The sky is gray and muted as I walk along the campus, which is also quiet from the previous night’s shenanigans. I was expecting just as much from a college experience. Movies and TV shows have groomed me into that belief. But I certainly was not prepared to cope with the privilege of it all.
I make it into the library, which has a serenity about it that I can appreciate. A scatter of students take up the two floors, ones like me. They are either strict students or a total antisocial bores, but I’m not sure which it is. Maybe a blend of the two.
I walk along the aisle of computers, nodding to the librarian as I make my way to a cozy corner I commandeered for myself during the first few initial visits. There is a wide, crisp window overlooking the campus, and it is tucked away enough to not encourage any unwanted attention. I walk ahead, still spinning about Hunter and the swimming look in his eyes that straddled the line of control and care, when the devil himself appears before me.
“Wren.”
I stop in my tracks, wondering if I’ve gone mad. We have been reading Hamlet in Mrs. Chasten’s Introduction to the Classics course, so the notion of madness really hasn’t been far from my grasp.

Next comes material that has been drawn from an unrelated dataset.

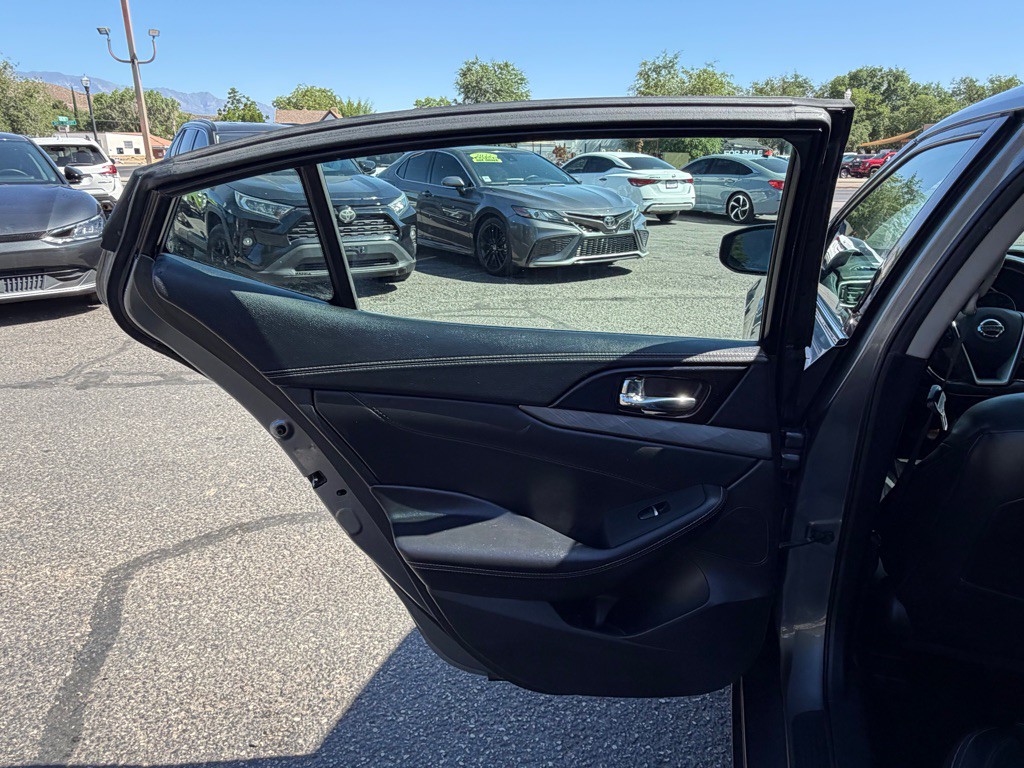 2018 Nissan Maxima Image 25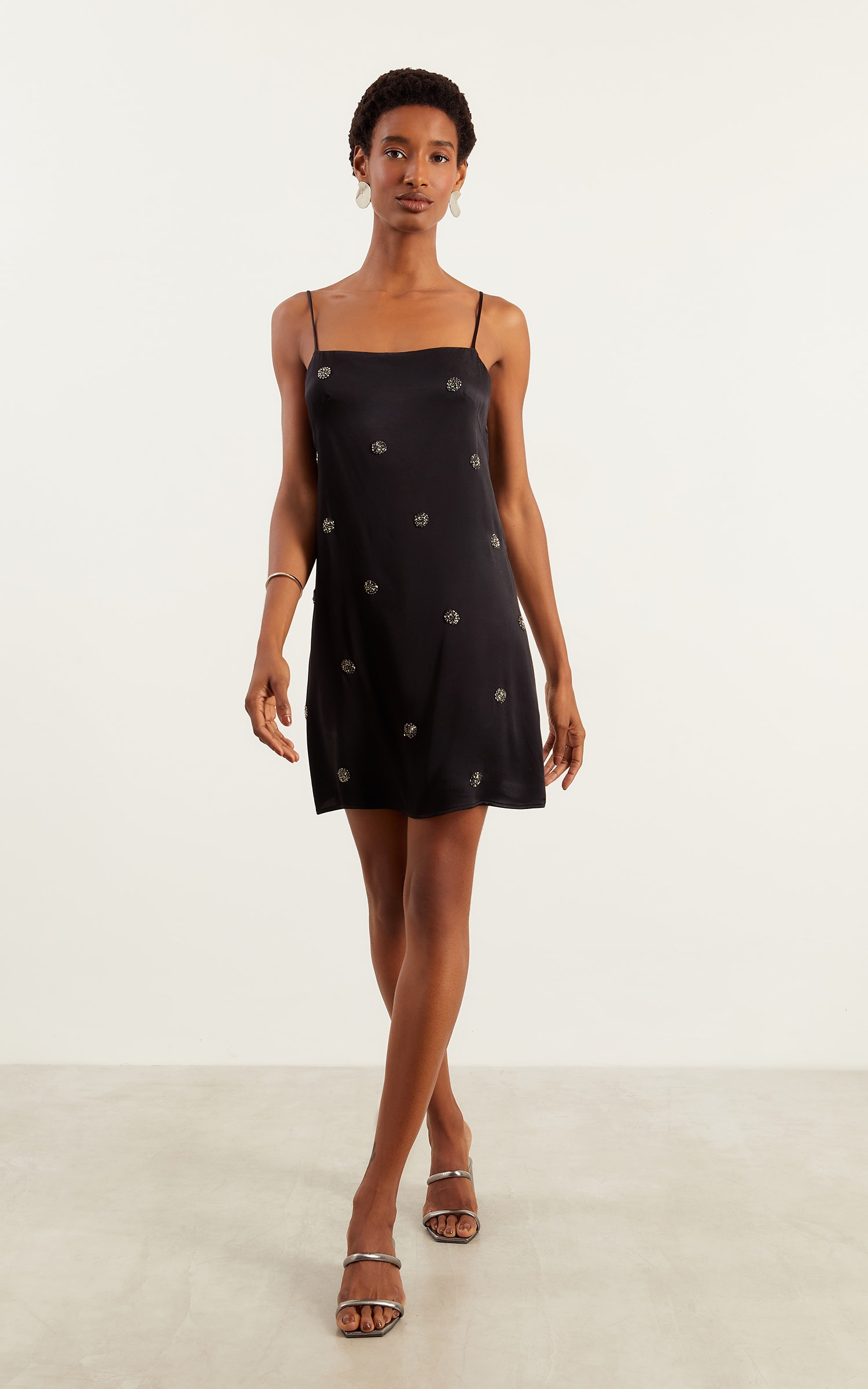Vestido Curto Bordado Preto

Hunter appears before me, solid as a rock, holding a textbook between his solidly locked claws of hands. He looks a bit like a statue standing there, expression blank and indifferent, corded muscles of his neck tensed in eternal indecision. If he hadn’t said my name, I may not have noticed him at all.
Fat chance.
“Hunter,” I reply, averting my eyes and moving toward the table. “What are you doing here? Shouldn’t you be nursing a hangover?”
I place my book bag on the table, doing my chest to feign disinterest. My heart is doing the tango in my chest when I feel a brush of air sway toward me. He’s there again, right in front of me.

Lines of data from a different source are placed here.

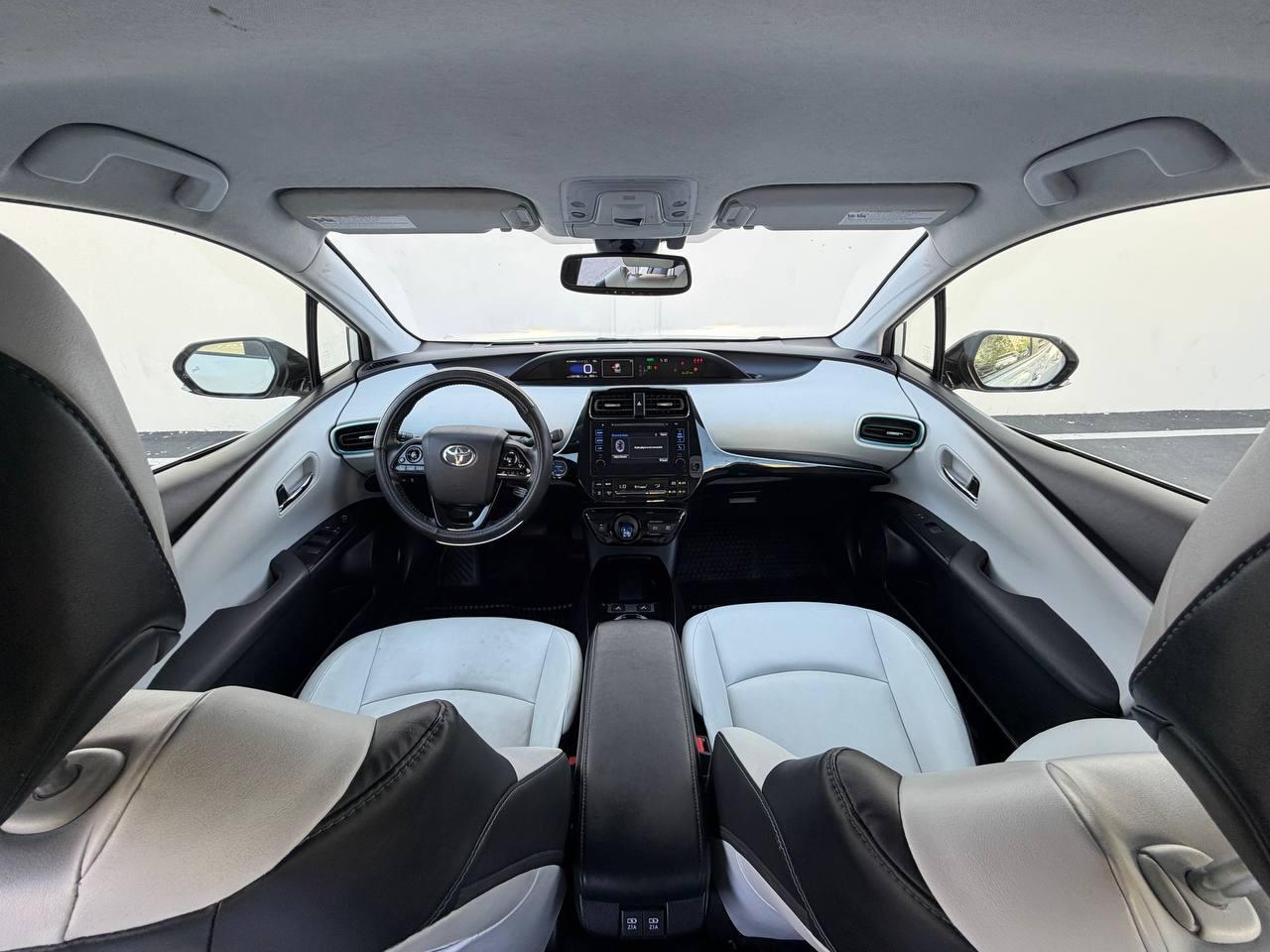Toyota Prius XLE AWD-e 2019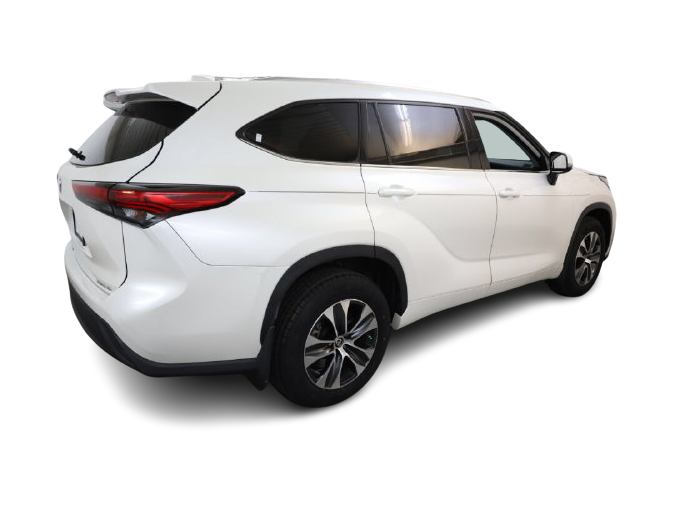 Thumbnail: 2021 Toyota Highlander - 22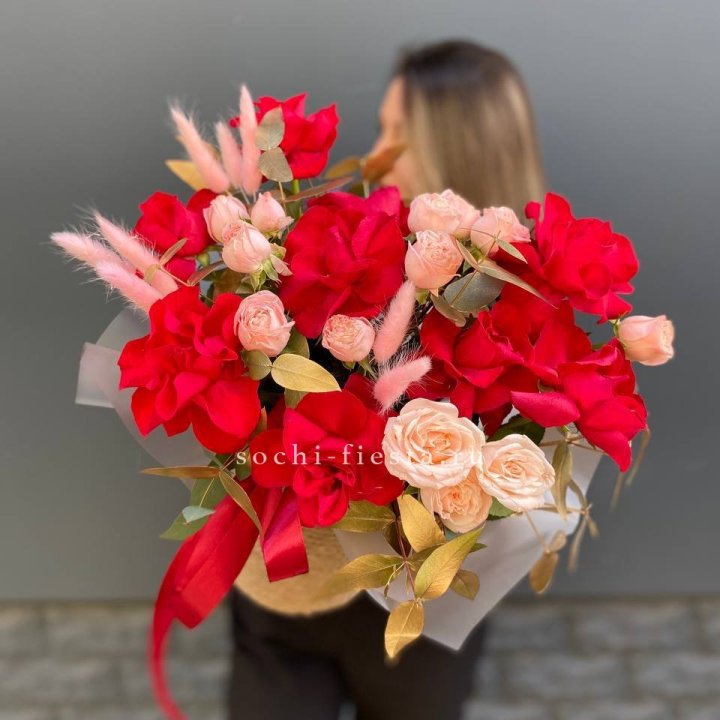 Джутовое кашпо "Любовь Лолиты" в Владикавказе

He shrugs. It’s an annoying gesture on anyone, even someone as good looking as him.
“The same thing you are. What are you doing here, Wren?”
I slip out the copy of Hamlet from my book bag and hold it up to him, then place it down the table in the place I marked it. I raise my eyes to his and narrow them, torn between wanting him to stay and wanting him to go.

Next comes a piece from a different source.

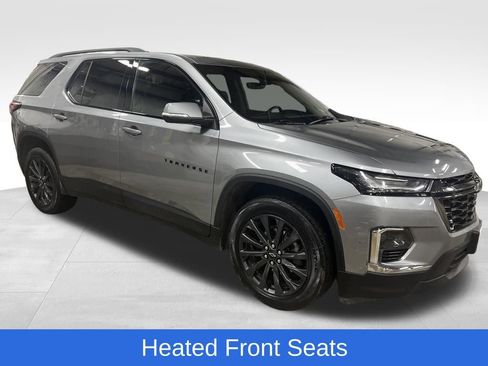 Used 2023 Chevrolet Traverse RS image 9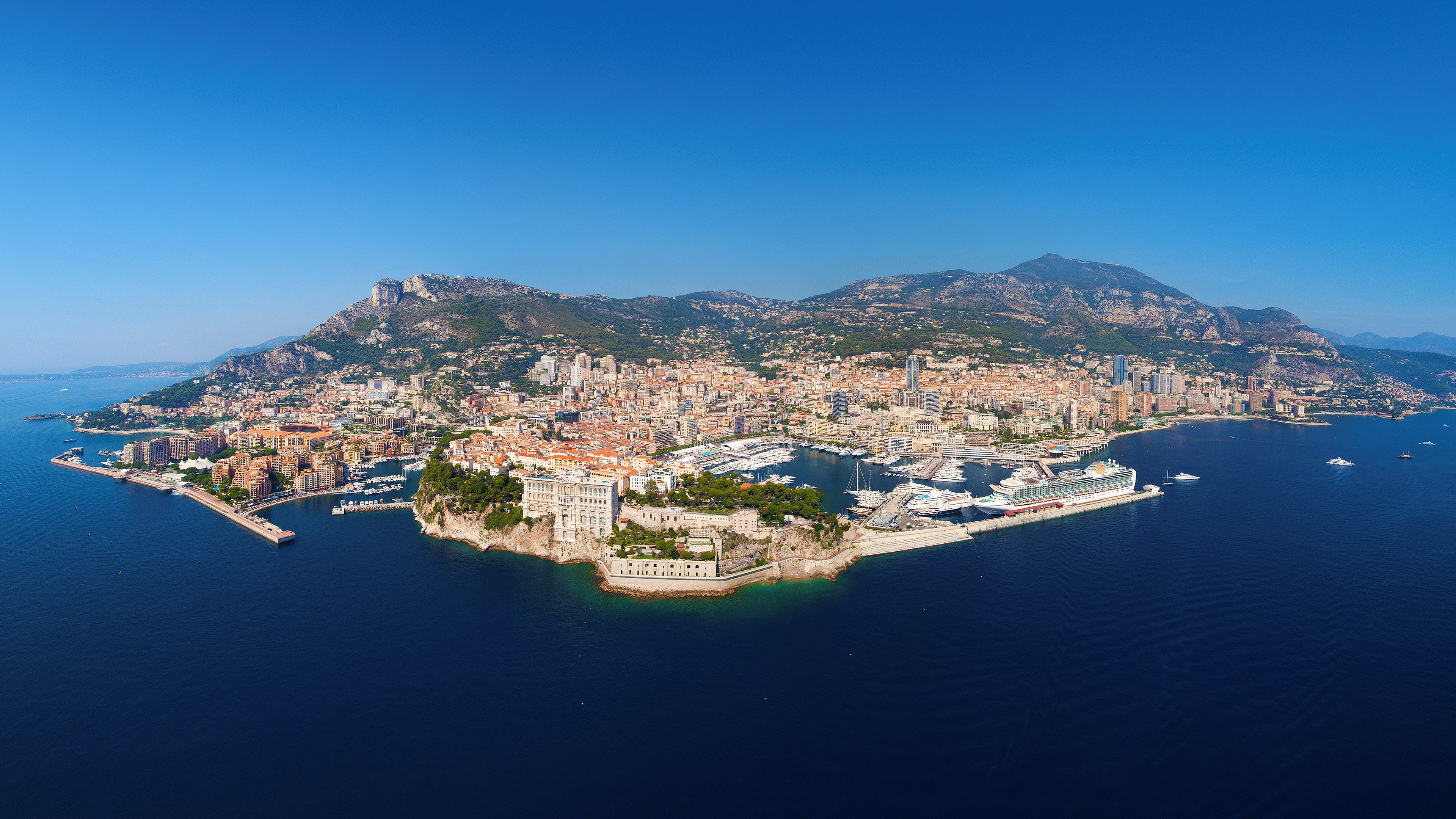 Panoramic view of Monaco coastline and cityscape HD Wallpaper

“So you’ve come here to nurse your ego instead?”
Hunter’s lips twitch, resembling any normal person’s attempt at stifling tears. But he isn’t stifling tears. He’s desperately trying not to smile.
“You didn’t like that, did you?” Hunter says, a dark smugness casting over his eyes that completely decimates my earlier thought about this man being capable of tears.
I scoff, then flip through my book to get to the soliloquy I had been assigned to write about. I can still feel him standing there, considering whether to stay or go, an energy as palpable as a beating heart.
“What has she got you doing now?” he asks.
His cadence has receded into something casual rather than subtly macho and severe. I sigh, tapping the title of the book, then place it back down again.
Why is he lingering? Why on Earth does this guy give a shit about what I’m studying?
“I can read the title, Wren,” he says, then pulls out the chair in front of me to sit down. “I took Mrs. Chastain’s course in first year as an elective. What a mistake that was.”
I lift my head, resting my chin against my fist. His palms are laid flat on the table with the air of an awkward drama student. But why is it endearing?